Our work had some limitations. As stated in part 1 of the cohort study,10 the lack of guidelines regarding the performance of tissue biopsies might have led to the selection of patients to be treated. Next, although the medical history of patients did not significantly impact the primary outcomes of this underpowered study, failures were numerically more frequent in previously diagnosed patients compared with de novo patients, possibly leading to an overestimated prevalence of relapsing or recalcitrant pIOIS. Last, the corticosteroid regimens were not standardised, which made it impossible to determine the effects of dosage tapering on primary outcomes.

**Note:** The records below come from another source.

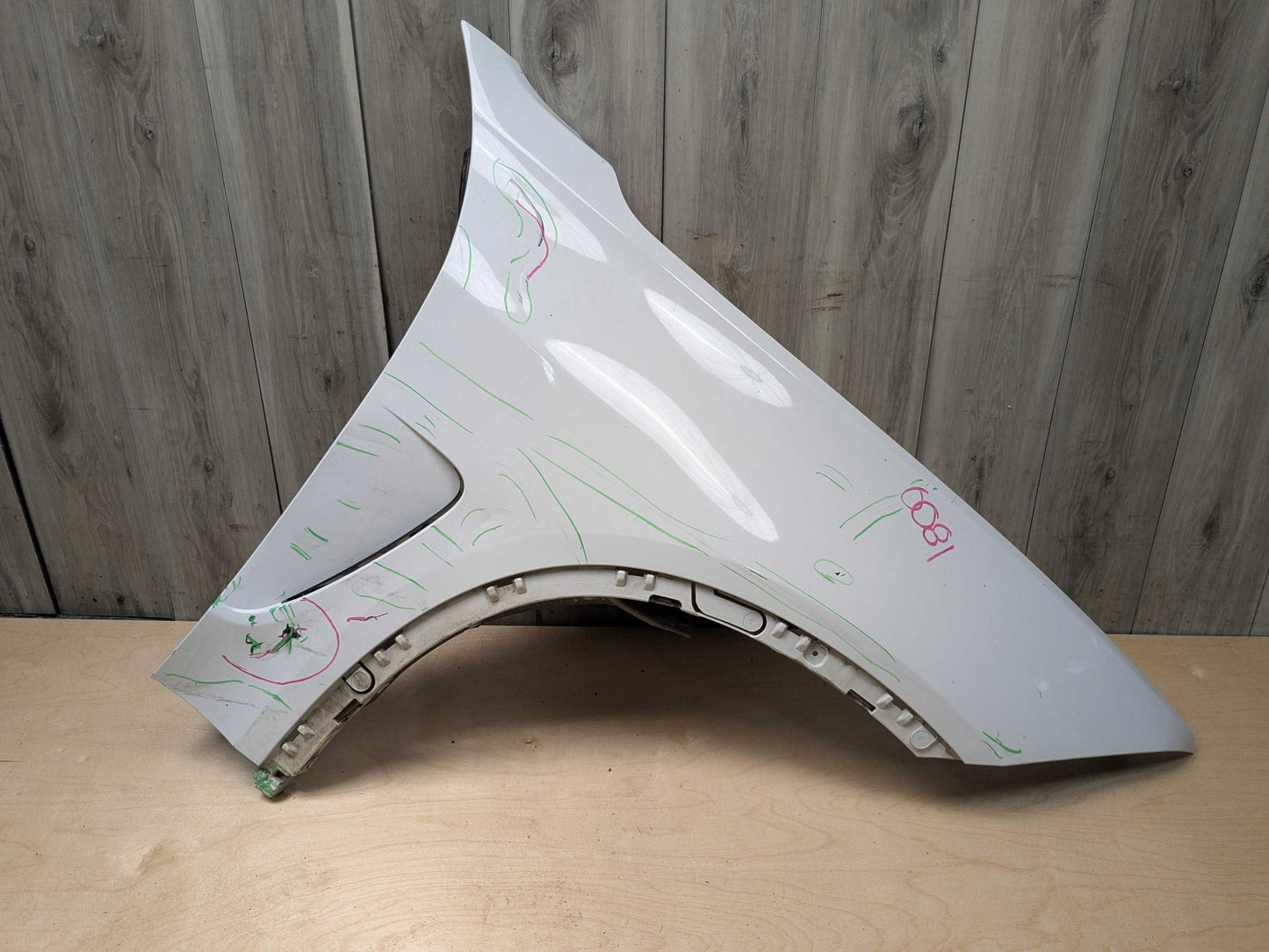 *NOTE* 14-18 OEM BMW F15 X5 Front Right Passenger Side Fender Panel White 300 White ALPINWEISS III (300)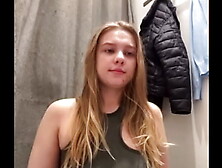 Fingering in public so alluring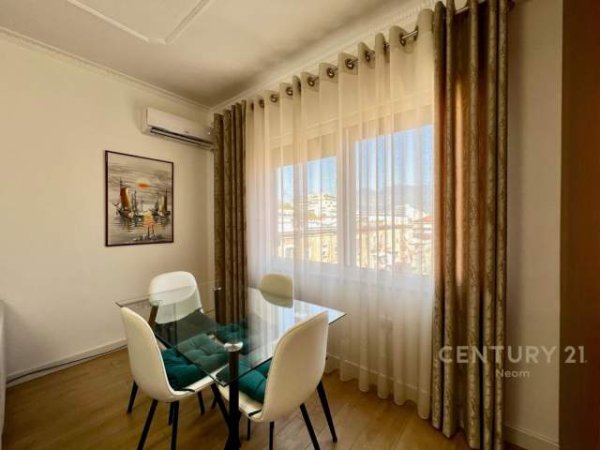 Tirane, jepet me qera apartament 2+1 Kati 6, 100 m² 850  (blloku)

In conclusion, our findings suggest that outcomes under corticosteroid therapy are not exclusively dependent on either their doses or the duration of treatment, or even a delay in initiation, but on a cellular subtype infiltrate or orbital fat involvement in patients with pure IOIS. These findings are of special interest to determining optimal treatment for patients with pIOIS. Indeed, it could be reasonably hypothesised that patients with these pejorative prognostic factors might benefit from treatment other than a first-line corticosteroid therapy of 0.5 mg/kg-day prednisone or equivalent. This point therefore raises the question of induction treatment using higher corticosteroid doses and/or involving frontline immunosuppressive drugs. According to international guidelines for the management of both large-vessel or ANCA-associated vasculitides,26 27 a DSDP of 0.5 mg/kg-day during the treatment period is considered as a moderate dose of systemic corticosteroids.

As successfully used after intravenous pulse methylprednisolone in such vasculitis,26 27 a high-dose oral prednisone of 1 mg/kg-day and/or immunosuppressants might be assessed to induce remission in patients with pIOIS with pejorative risk factors.

Based on these preliminary findings, larger and standardised studies now need to be considered in order to optimise the doses and durations of systemic corticosteroids in patients with pIOIS.